[jira] [Updated] (IGNITE-18209) Reduce binary metadata synchronization time for CDC through Kafka

Ilya Shishkov (Jira) Tue, 27 Dec 2022 10:17:07 -0800


     [ 
https://issues.apache.org/jira/browse/IGNITE-18209?page=com.atlassian.jira.plugin.system.issuetabpanels:all-tabpanel
 ]


Ilya Shishkov updated IGNITE-18209:
-----------------------------------
    Description: 
Currently, there is a possible bottleneck in synchronized method 
{{KafkaToIgniteMetadataUpdater#updateMetadata}} for cases, when all 
{{KafkaToIgniteCdcStreamerApplier}} instances will try to update metadata at 
the same moment.

Scenario:
# {{KafkaToIgniteCdcStreamer}} contains multiple 
{{KafkaToIgniteCdcStreamerApplier}} which shares _single_ 
{{KafkaToIgniteMetadataUpdater}}.
# All appliers handle corrsponding partitions consequently.
# Insertion of unknown type is performed and leads to type and mapping 
registrations on all nodes.
# {{META_UPDATE_MARKER}} is sent twice to each Kafka partition of event topic 
_from every node_: firstly, in case of type mappings updates, secondly, in case 
of binary types update.
# When first {{KafkaToIgniteCdcStreamerApplier}} meets {{META_UPDATE_MARKER}} 
it calls {{KafkaToIgniteMetadataUpdater#updateMetadata}} which in turn calls 
{{KafkaConsumer#poll}}, which returns immediately [1] when data is present in 
metadata topic.
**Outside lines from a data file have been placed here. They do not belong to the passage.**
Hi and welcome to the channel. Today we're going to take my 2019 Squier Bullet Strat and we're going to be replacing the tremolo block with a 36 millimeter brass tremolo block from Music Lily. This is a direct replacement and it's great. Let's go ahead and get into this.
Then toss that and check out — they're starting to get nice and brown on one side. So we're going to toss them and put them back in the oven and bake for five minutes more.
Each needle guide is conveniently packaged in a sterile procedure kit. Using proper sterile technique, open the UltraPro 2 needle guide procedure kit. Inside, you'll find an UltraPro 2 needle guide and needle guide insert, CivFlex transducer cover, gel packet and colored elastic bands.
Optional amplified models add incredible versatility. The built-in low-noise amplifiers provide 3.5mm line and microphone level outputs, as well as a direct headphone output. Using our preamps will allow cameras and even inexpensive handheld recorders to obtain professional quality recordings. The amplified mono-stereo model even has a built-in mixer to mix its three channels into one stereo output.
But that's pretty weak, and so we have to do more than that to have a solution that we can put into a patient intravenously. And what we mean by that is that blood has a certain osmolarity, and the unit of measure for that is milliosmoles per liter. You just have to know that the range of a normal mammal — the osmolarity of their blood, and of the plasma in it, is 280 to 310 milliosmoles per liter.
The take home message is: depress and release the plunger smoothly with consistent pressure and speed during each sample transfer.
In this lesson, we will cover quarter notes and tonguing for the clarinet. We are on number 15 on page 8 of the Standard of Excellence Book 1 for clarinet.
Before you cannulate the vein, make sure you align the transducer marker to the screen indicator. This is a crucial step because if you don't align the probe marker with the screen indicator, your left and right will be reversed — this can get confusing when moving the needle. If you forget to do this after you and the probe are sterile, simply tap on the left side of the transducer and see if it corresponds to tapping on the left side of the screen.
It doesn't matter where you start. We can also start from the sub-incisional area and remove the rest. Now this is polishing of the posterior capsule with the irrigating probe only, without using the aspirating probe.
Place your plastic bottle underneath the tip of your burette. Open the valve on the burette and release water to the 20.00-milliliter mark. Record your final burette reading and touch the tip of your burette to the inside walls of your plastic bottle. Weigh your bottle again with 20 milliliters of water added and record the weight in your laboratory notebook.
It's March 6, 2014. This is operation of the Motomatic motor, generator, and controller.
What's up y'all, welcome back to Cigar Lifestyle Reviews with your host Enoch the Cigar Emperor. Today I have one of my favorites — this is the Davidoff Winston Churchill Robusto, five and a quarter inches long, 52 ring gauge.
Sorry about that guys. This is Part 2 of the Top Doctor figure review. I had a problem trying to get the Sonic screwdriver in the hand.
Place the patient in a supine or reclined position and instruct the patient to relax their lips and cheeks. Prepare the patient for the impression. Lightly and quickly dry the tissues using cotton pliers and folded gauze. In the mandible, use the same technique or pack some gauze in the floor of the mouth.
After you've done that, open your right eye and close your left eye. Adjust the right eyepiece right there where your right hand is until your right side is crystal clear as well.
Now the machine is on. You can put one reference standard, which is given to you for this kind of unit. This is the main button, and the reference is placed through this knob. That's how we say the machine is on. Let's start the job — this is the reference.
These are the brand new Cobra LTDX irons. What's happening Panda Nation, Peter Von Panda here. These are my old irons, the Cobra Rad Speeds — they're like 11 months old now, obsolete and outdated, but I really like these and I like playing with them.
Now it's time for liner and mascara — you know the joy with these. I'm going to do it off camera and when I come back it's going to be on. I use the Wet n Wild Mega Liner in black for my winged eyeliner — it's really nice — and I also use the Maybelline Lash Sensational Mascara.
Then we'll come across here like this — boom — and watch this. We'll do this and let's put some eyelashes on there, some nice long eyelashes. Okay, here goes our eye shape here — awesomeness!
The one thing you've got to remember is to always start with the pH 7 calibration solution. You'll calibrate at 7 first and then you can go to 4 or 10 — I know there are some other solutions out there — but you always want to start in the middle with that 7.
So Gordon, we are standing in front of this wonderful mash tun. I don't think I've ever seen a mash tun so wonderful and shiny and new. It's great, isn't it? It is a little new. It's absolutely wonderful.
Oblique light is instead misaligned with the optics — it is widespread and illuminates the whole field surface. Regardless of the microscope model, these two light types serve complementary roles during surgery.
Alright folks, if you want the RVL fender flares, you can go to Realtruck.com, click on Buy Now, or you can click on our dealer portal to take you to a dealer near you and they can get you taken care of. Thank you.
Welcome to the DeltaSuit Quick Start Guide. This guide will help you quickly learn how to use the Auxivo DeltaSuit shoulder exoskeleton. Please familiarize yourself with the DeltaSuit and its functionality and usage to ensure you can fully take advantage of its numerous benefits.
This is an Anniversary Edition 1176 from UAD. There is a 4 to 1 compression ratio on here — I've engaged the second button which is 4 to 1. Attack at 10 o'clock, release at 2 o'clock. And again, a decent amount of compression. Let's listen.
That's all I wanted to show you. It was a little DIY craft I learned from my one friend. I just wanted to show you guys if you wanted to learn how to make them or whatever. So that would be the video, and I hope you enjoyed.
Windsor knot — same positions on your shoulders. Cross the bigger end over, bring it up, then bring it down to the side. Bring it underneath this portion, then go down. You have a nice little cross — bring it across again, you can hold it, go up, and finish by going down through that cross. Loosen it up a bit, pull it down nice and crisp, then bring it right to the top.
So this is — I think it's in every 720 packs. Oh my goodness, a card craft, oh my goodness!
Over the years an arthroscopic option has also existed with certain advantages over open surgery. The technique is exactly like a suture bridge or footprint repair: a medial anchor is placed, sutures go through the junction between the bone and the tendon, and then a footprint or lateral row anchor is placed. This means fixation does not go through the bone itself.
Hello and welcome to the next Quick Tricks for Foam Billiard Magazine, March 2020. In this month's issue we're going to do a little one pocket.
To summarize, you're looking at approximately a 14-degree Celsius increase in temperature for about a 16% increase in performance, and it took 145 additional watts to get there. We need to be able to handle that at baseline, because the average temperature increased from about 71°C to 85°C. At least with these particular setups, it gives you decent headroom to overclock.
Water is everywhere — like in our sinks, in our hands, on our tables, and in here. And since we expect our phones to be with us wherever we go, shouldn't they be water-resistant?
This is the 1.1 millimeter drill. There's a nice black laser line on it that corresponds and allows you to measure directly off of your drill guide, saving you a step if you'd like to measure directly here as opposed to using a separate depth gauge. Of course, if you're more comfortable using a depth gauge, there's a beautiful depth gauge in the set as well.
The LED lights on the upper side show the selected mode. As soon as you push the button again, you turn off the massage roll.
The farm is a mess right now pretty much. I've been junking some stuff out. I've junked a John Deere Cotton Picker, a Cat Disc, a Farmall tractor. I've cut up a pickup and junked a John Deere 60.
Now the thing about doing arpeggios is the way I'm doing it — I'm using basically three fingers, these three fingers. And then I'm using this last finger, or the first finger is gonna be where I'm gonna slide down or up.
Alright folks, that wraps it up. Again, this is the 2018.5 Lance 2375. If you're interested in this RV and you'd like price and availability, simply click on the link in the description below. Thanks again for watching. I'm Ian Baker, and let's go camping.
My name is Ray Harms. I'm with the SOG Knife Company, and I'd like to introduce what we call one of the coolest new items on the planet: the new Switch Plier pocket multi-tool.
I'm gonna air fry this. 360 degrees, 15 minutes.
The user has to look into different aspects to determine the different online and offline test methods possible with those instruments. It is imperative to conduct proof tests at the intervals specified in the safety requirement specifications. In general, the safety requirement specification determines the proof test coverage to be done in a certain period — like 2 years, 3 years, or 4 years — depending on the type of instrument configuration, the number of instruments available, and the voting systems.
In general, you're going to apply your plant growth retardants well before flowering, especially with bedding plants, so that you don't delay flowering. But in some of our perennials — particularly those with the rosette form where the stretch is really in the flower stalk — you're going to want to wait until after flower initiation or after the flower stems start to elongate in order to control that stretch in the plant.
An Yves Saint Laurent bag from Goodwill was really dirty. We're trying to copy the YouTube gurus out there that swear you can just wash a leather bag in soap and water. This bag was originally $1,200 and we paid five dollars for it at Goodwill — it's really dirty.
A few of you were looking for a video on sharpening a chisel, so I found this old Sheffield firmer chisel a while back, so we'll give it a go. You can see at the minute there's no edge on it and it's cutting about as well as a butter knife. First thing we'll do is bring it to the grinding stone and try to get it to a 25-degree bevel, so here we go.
If there are few binary types and mappings to update, some 
{{KafkaToIgniteCdcStreamerApplier}} thread will consume all entries from 
metadata topic.
# All other threads of all {{KafkaToIgniteCdcStreamerApplier}} will call 
{{KafkaConsumer#poll}} from empty metadata topic, which will remain blocked 
until new data becomes available or request timeout occurs [1].
# Because of {{synchronized}} access to 
{{KafkaToIgniteMetadataUpdater#updateMetadata}} all threads of all 
{{KafkaToIgniteCdcStreamerApplier}} will form a sequence of calls. Each call 
will block remaining appliers threads for {{kafkaReqTimeout}} period (if 
metadata topic remains empty).
# The last call, i.e. last Kafka partition polling in this chain will happen at 
least after {{clusterSize x (topicPartitions x 2 - 1) x kafkaReqTimeout}} 
period. For example for default timeout and 16 Kafka partitions _last partition 
will be consumed after 1.5 minutes_ in case of 1 node cluser. 
# Amount of threads in {{KafkaToIgniteCdcStreamer}} does not make sence.
# Data updates are blocked for Kafka partitions with unhandled update markers.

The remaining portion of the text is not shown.